"Since there are no patches currently available for these vulnerabilities, they represent an easy channel to carry out computer attacks. It is therefore necessary to combine traditional security solutions with proactive technologies capable of detecting unknown threats," said Luis Corrons, director of PandaLabs.
As Christmas is closely approaching and last minute shopping is at its peak, the amount of spam in circulation doubles. Much of this junk mail includes links to fake online shopping or banking web pages, asking users for confidential data, a practice known as phishing. Another malicious practice widely used during the holiday season involves offering users free Christmas cards that they can download from a certain link. If the user clicks on the link, they will actually be downloading malicious code to their computers.
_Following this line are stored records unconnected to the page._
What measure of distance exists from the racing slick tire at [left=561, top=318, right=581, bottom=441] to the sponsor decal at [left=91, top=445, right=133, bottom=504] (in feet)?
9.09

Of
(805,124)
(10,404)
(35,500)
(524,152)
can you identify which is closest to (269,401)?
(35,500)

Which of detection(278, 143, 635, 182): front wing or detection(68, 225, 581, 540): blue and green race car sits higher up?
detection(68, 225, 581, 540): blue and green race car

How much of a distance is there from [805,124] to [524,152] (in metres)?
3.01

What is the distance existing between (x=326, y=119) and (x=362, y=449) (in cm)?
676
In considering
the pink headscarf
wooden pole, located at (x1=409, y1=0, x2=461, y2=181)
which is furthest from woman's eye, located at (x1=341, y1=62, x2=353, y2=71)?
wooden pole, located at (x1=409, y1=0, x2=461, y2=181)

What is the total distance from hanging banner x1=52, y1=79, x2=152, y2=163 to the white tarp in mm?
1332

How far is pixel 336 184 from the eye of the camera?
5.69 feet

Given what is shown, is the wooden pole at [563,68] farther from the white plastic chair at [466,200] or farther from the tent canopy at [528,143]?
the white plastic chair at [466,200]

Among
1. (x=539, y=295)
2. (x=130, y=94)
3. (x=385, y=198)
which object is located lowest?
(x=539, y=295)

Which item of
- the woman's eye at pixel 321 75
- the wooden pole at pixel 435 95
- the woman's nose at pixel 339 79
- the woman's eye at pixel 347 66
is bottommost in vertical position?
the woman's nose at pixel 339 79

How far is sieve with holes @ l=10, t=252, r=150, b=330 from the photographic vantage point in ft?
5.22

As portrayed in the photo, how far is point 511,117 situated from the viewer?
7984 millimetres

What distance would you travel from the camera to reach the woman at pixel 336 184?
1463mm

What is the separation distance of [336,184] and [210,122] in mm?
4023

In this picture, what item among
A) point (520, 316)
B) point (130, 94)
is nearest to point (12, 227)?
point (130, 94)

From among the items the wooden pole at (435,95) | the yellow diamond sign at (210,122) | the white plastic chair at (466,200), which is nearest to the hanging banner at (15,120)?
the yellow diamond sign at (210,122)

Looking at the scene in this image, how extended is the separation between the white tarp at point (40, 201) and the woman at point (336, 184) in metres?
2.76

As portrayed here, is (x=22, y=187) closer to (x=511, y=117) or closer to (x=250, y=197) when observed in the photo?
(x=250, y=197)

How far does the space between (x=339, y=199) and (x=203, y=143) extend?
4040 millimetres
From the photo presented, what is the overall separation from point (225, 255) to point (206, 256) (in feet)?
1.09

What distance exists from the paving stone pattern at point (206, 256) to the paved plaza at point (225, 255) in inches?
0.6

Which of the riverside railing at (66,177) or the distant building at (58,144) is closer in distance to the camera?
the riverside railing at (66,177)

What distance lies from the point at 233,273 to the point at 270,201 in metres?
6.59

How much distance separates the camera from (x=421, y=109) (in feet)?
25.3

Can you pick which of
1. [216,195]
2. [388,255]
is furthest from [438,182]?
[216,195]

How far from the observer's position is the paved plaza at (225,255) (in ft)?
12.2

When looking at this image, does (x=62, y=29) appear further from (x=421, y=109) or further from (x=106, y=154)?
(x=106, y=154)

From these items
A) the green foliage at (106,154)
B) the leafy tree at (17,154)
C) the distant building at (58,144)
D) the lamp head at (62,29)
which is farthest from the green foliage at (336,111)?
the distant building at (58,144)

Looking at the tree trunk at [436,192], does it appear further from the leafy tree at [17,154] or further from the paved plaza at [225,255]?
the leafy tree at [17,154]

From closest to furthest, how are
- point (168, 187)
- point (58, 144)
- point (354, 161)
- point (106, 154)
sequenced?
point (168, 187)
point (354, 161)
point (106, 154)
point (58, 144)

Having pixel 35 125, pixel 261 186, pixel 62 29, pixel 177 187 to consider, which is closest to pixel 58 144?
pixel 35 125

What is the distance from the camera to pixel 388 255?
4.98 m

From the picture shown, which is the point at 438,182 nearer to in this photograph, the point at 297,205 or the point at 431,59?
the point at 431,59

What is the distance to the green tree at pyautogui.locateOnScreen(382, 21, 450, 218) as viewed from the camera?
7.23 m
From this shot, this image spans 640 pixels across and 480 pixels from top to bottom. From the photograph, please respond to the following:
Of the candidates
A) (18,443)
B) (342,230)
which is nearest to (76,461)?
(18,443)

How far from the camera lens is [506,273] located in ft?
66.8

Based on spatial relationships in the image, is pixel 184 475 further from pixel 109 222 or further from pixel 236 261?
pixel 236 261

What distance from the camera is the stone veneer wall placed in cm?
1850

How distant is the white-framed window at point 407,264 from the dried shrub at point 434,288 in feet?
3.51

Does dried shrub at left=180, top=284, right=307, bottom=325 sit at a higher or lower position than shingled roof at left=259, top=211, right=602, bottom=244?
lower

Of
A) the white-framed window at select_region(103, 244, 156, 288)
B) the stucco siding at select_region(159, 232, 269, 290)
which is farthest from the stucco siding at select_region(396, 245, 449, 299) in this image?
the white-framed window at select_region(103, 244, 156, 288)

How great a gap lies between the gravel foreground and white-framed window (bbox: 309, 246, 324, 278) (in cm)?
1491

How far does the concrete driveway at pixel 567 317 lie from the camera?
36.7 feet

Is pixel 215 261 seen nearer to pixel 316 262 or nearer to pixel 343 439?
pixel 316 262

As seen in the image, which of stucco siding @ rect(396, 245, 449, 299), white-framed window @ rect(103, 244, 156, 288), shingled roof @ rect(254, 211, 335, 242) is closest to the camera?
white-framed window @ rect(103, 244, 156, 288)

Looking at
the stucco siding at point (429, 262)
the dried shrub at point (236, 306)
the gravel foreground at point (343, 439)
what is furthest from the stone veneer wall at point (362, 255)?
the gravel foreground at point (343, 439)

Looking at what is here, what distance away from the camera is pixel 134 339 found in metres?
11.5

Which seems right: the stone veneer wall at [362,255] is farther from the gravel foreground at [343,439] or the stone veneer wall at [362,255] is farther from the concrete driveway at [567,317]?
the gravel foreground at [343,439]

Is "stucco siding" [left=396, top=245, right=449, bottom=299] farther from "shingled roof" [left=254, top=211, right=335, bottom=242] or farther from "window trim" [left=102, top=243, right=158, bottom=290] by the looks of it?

Malware creators are now primarily motivated by the lure of financial gain. By using vulnerabilities like those already mentioned to install Trojans on users' computers, or launching phishing e-mails to trick unwitting online shoppers, attackers can compromise the confidentiality of online transactions, Internet purchases, or visits to banking sites.
The Christmas season has always witnessed an increase in attacks. The MerryX.A Trojan, which hit the Internet in December 2005, arrived in a message with the subject "Merry Christmas!", and hid behind a Santa Claus animation with Christmas music. A year before, the Zafi.D worm caused an Orange Alert as it tried to pass itself off as a Christmas card in several languages.